» Entries provided

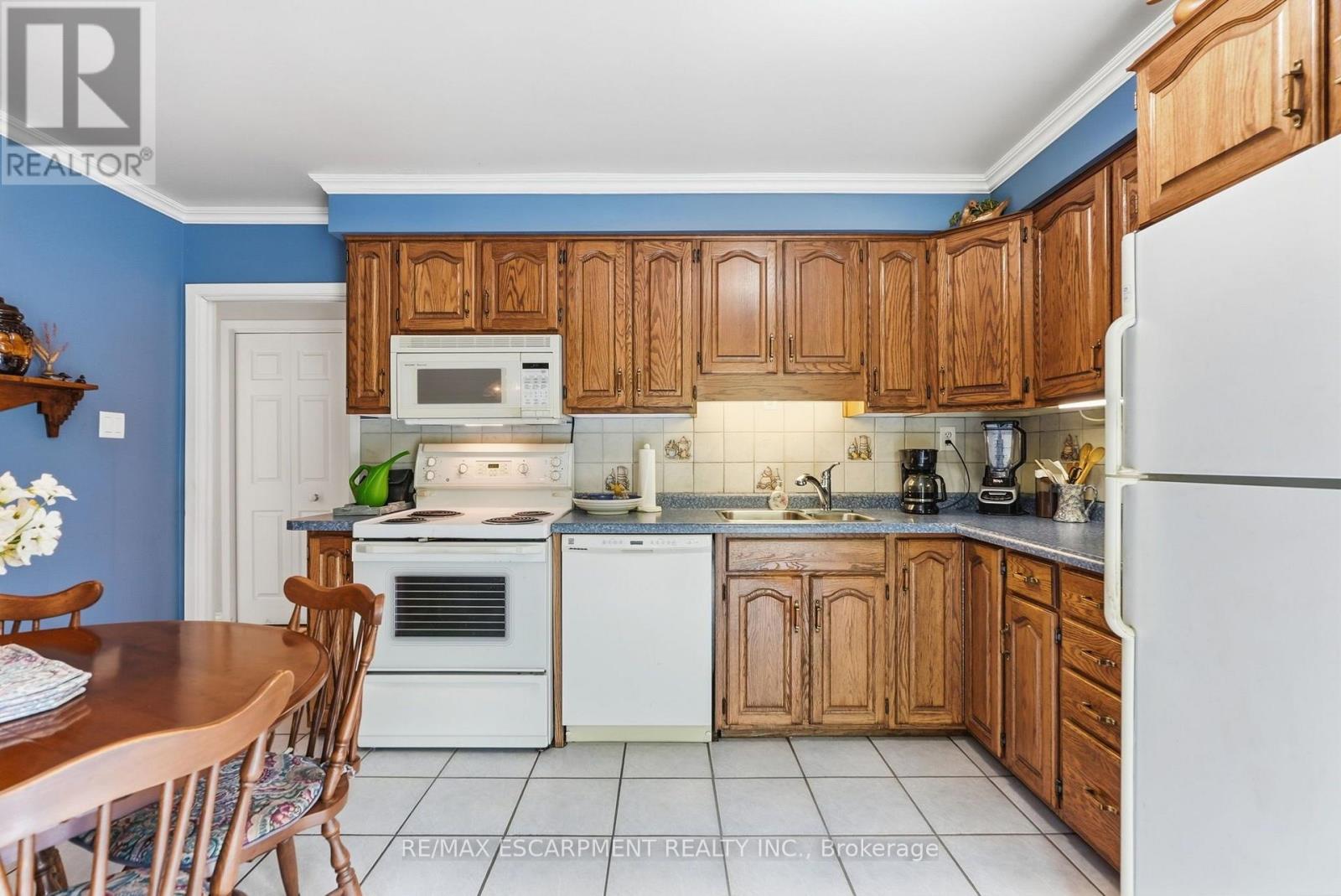 8553 GUELPH LINE - 12
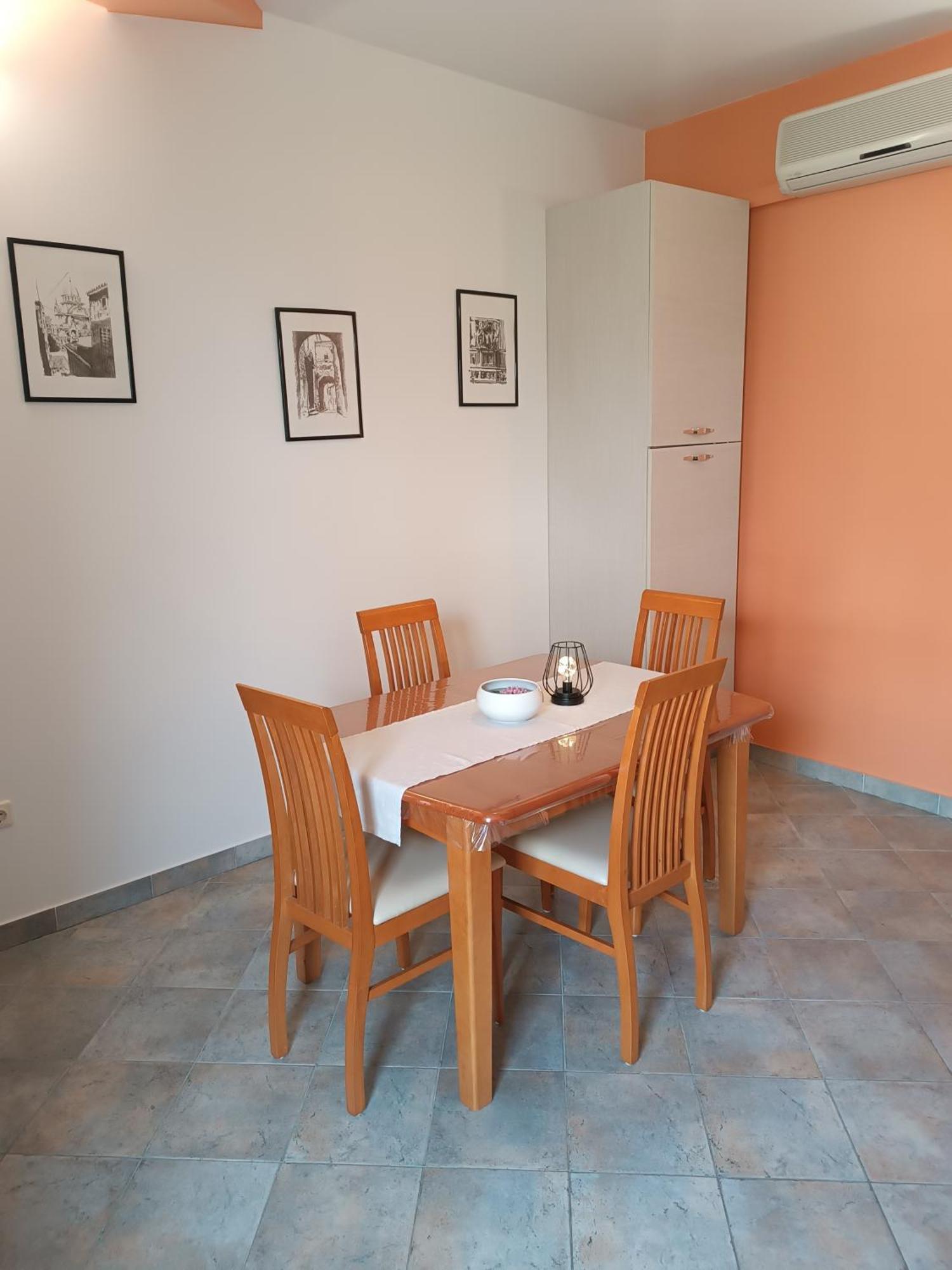 Apartments Lupus Vodice Eksteriør bilde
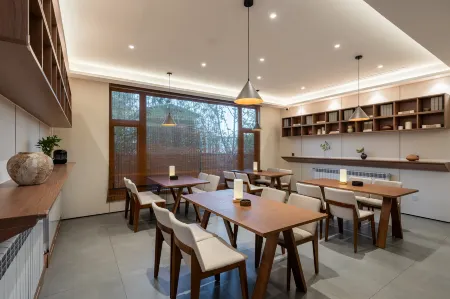 Xiangxi Zero Carbon Living Village (Quzhou Kaihua) Отели рядом с достопримечательностью «China’s Kingdom of Root Carving»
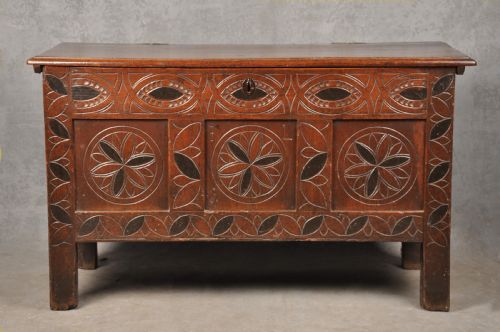 rare 17th century oak ebonized coffer - CATEGORY: ANTIQUE CHESTS - DATED 17TH CENTURY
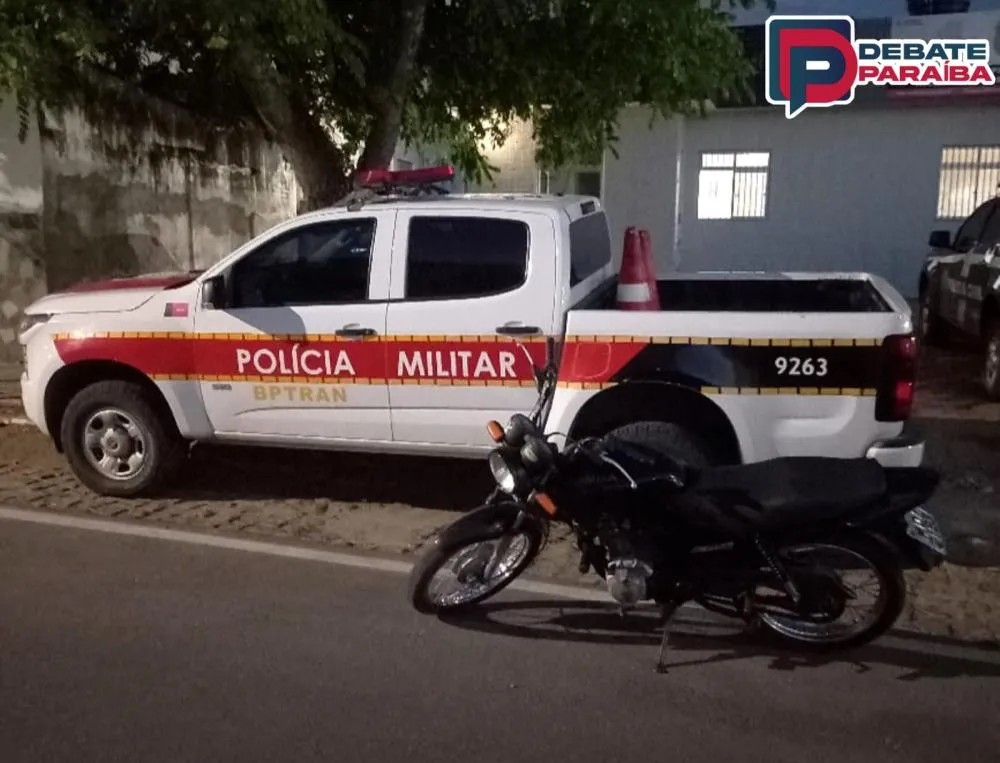 O veículo recuperado foi levado à delegacia de Polícia Civil, e após a realização dos procedimentos necessários, será devolvido ao verdadeiro proprietário (Foto: Reprodução)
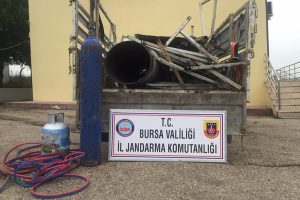 Bursa'da yol işaret tabelalarını oksijen t&uuml;p&uuml;yle kesip &ccedil;almaya &ccedil;alışan 5 kişi yakalandı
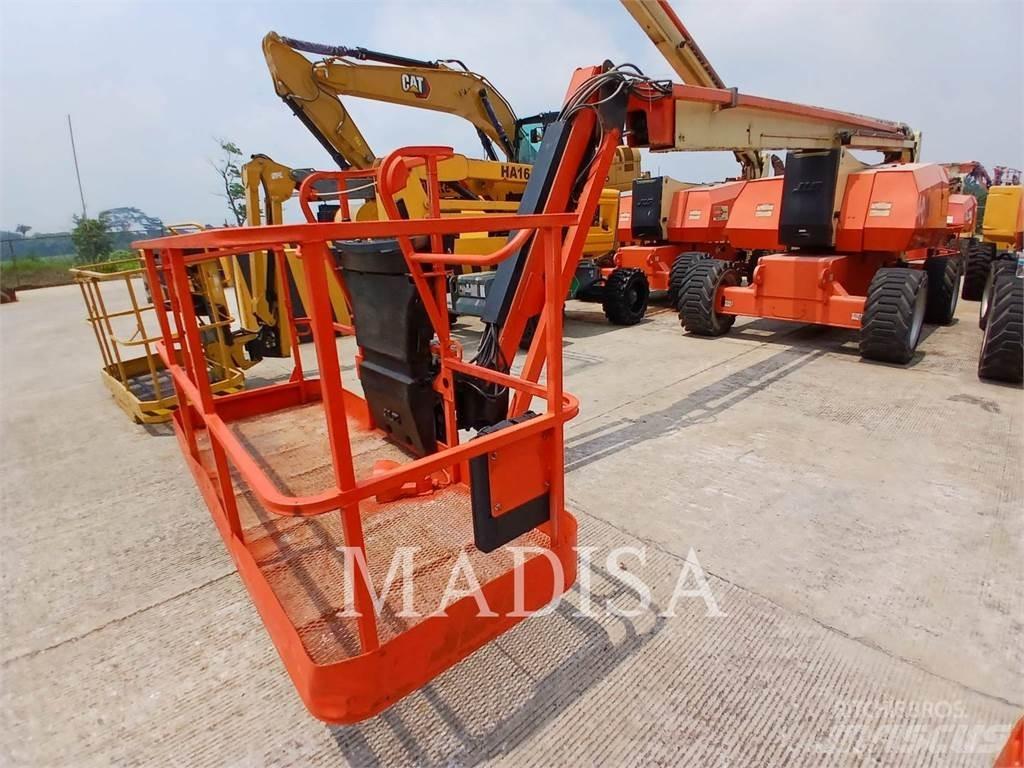 JLG 800AJ Kĺbové plošiny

» Requirement
Nothing in the entries above should change when they are printed again, except that the pictures are dropped.

» Finished task
 8553 GUELPH LINE - 12
 Apartments Lupus Vodice Eksteriør bilde
 Xiangxi Zero Carbon Living Village (Quzhou Kaihua) Отели рядом с достопримечательностью «China’s Kingdom of Root Carving»
 rare 17th century oak ebonized coffer - CATEGORY: ANTIQUE CHESTS - DATED 17TH CENTURY
 O veículo recuperado foi levado à delegacia de Polícia Civil, e após a realização dos procedimentos necessários, será devolvido ao verdadeiro proprietário (Foto: Reprodução)
 Bursa'da yol işaret tabelalarını oksijen t&uuml;p&uuml;yle kesip &ccedil;almaya &ccedil;alışan 5 kişi yakalandı
 JLG 800AJ Kĺbové plošiny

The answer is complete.